Don’t use the term Devops, use Getting things done without being a bastard
The next presentation I attended was by Michael Bush about Search at Twitter. Especially interesting in this talk was the mechanism they used to provided real time search. So not the near real time search as provided by elasticsearch for instance. This technology is called the earlybird project.
During the second day I wrote down less notes than for the first day. That did not mean they were less interesting in general. But for me, most of them were less inspiring. The final presentation I want to mention is the best one for me during the conference by Britta Weber about Scoring for human beings. She explained the mechanism of using vectors to calculate the distance between terms in a query and in the found documents. She also showed the impact of tf/idf on the vector and in the end the impact on the score for a document.

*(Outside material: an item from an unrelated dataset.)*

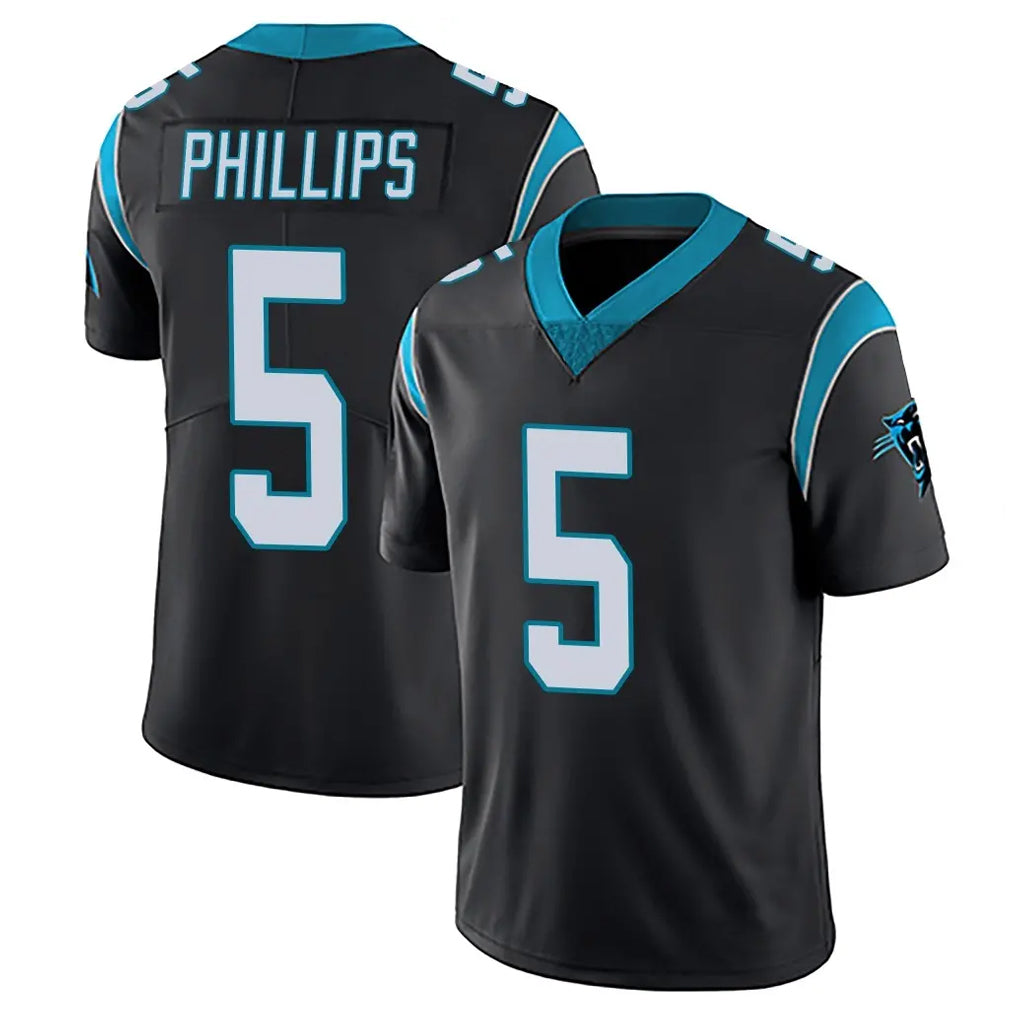 PETTCS C.Panthers #5 Jaelan Phillips Player Black Vapor Untouchable Limited Game Stitched Jerseys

Britta also explained why the default tf/idf similarity is not always good enough. A good example of scoring based on text is not always what you need can be found here: http://colors.qbox.io. Another example I liked was about problems when scoring cv’s of people based on the languages they can program in. If you know tf/idf, you know they longer fields have a negative impact on the score. So imagine you are looking for a person that can program java. One person only learned java and therefore only has java on his cv. Another person has java, iOS, Android, Ruby, Python, c++ on his cv. In this case the person with only java on his cv has a better score. I am not sure, but this might not be the person you want to find on top of the other one.
Another thing she showed is using scripts with elasticsearch. Especially the interface to your _index from within scripts is very interesting and something I need to have a good look at.
That was my take on two days Berlin. In the evening we were invited by elasticsearch to have dinner at a nice italian restaurant. There I had some nice and interesting conversations about technology but also other things. Tried to get to bed before eleven since we had to take a cab to the airport at 04:00 in the morning. All in all, it was a great conference with many interesting people. We are looking forward to next year!